When we left off with ALANA’s funding controversy two weeks ago, the message communicated by the Student Assembly was that they wouldn’t make an exception for ALANA, but must follow process and cut ALANA’s budget … as if that is what granting ALANA its proposed budget increase would be — nothing but an exception.

I’m writing this column because even if  “justice had been done” and the S.A. had decided not to cut ALANA’s budget, I am terribly nervous that the S.A., and the general student body, would continue to see this supposedly “just” decision as only an exception. An exception that needs to be made for a “fiscally irresponsible” group. Why? Just because it represents minorities? Well, if that’s how people are seeing this, then that’s not justice in the slightest. That’s offensive. And we need to deepen our consideration of this issue to truly find the just solution.

Let’s start by not taking it as a given that ALANA “messed up.” Whoa, back the fuck up. What if, instead, the problem is that the process that determines how ALANA presents its past and future budget, and the process that determines how the Appropriation Committee (Apps Comm) analyzes this data, is structured in such a way that it leads us to conclude that ALANA is fiscally irresponsible? I work for a byline-funded organization, so I can tell you from experience that this is what’s happening to ALANA.

Apps Comm operates under the assumption that the same expectations for spending and efficiency can be applied to each byline-funded organization uniformly. I argue that these expectations were made and applied without being sensitive to the needs of cultural umbrella and programming organizations like ALANA. I say this from an insider perspective because my own organization, Haven: The LGBTQ Student Union, is a cultural umbrella and programming organization that’s operations are also hindered by the Apps Comm’s expectations.

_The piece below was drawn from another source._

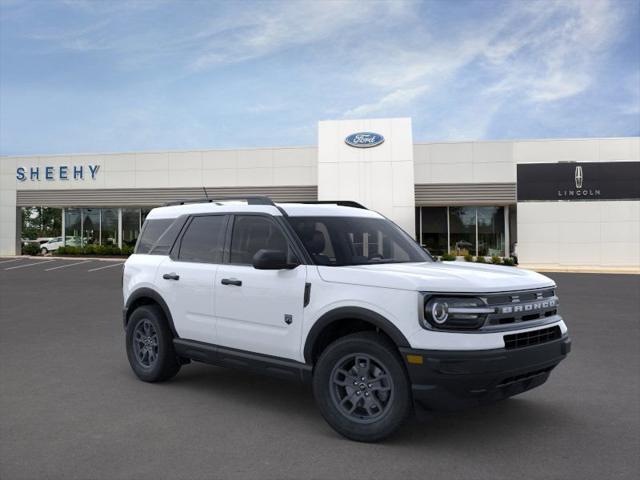 new 2024 Ford Bronco Sport car, priced at $28,965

Consider what these organizations are aiming to do: We are trying to fill the void of cultural spaces for our communities on campus; we are trying to educate our peers when the University fails to do so; we are trying to make everyone on this campus feel safe. Our budgets are reflections of the vast realities of our missions. Our operations are necessary to the safety of a large portion of the student body, and to expect us to adhere to the same guidelines that regulate byline-funded groups like the Slope Day Programming Board or Athletics and Physical Education is absurd.

Why, whenever it comes to money, do we have to operate according to the same age-old principles that govern investing?  The environment within the Apps Comm does not encourage people to bring in the necessary new perspectives that would allow our diversity initiatives to flourish.

So, no. Don’t make an exception for ALANA. That’s not what is needed here. If the process in place was not created to consider the operations of cultural programming boards, you don’t just make an “exception” for those groups. Rather, you reform the process so that these boards are not held to the same expectations as groups like Cornell Cinema or the Cornell Concert Commission. You create new expectations that account for the challenges these groups face. Recognizing the necessity of these groups on campus and granting them the respect that they deserve requires that we rewrite those guidelines for receiving byline funding.

When we inherit structures, rules and processes, it is easy to forget the degree to which change is possible. It’s hard to think outside of those limitations even when the situation demands we do so.  But when process is inherently unjust we need to overcome our paralysis in the face of seemingly immortal institutional values and confront the possibility of systemic change.